- [Task brief]:
Exactly the lines below, starting with the one containing "JM20245K) テーブル＜幅：約120cm 高さ：約85cm" and going on through the one containing "Max Mara Burgundy midi dress ZORRO MSTZORRO", must be reproduced, both ends included, and no pictures with them.

- [Exercise input]:
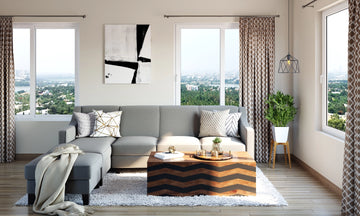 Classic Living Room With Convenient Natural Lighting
--
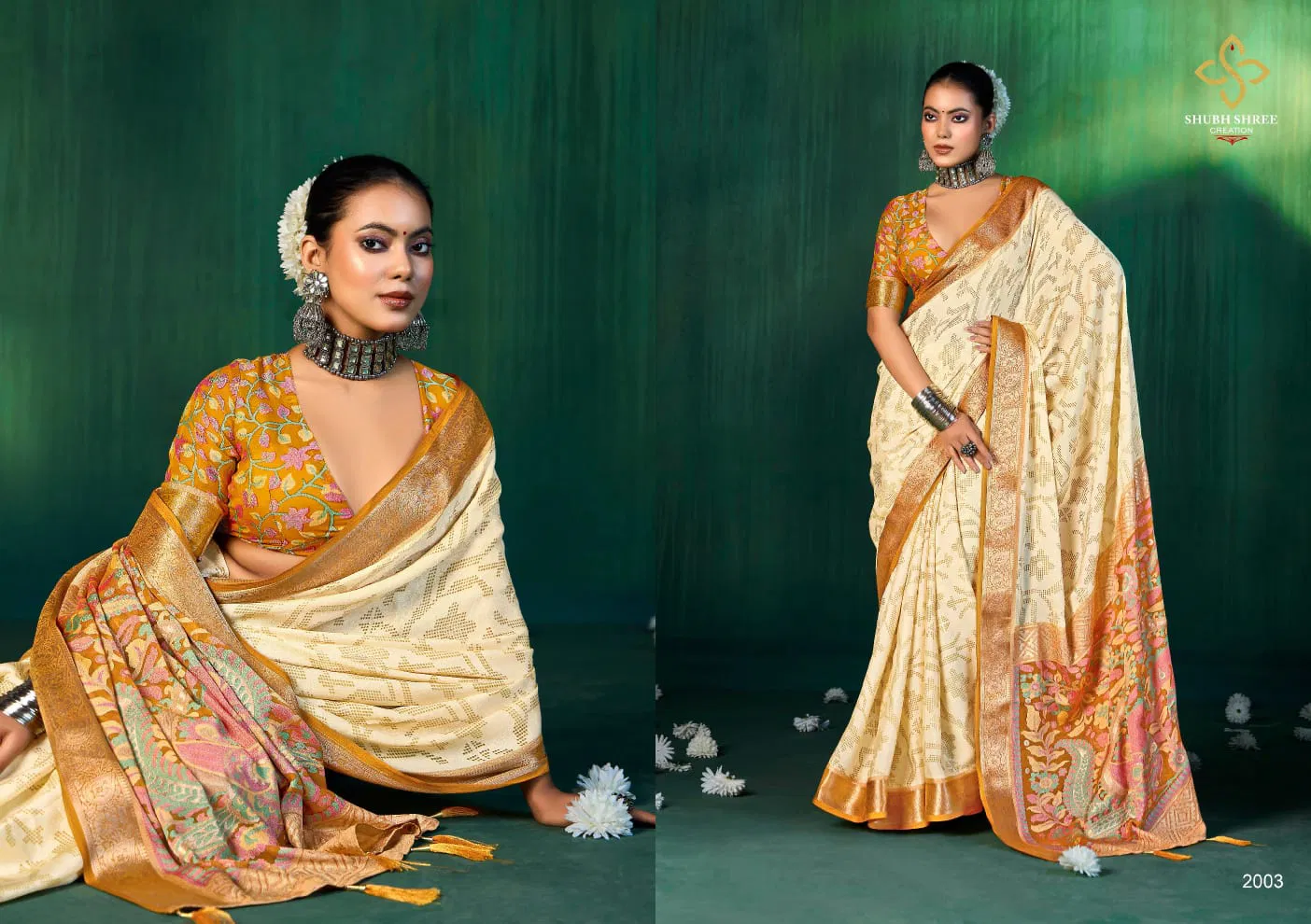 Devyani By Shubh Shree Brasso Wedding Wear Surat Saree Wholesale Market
--
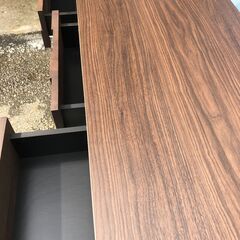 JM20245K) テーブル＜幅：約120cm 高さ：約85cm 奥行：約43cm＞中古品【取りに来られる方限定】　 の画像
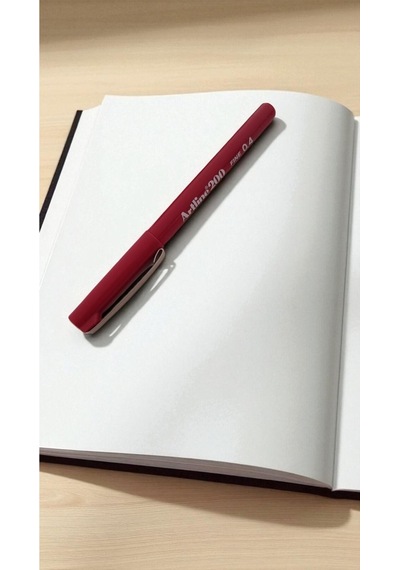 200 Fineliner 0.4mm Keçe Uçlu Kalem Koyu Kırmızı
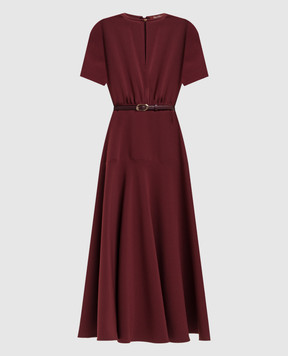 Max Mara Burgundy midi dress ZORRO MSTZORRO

- [Your response]:
 JM20245K) テーブル＜幅：約120cm 高さ：約85cm 奥行：約43cm＞中古品【取りに来られる方限定】　 の画像
 200 Fineliner 0.4mm Keçe Uçlu Kalem Koyu Kırmızı
 Max Mara Burgundy midi dress ZORRO MSTZORRO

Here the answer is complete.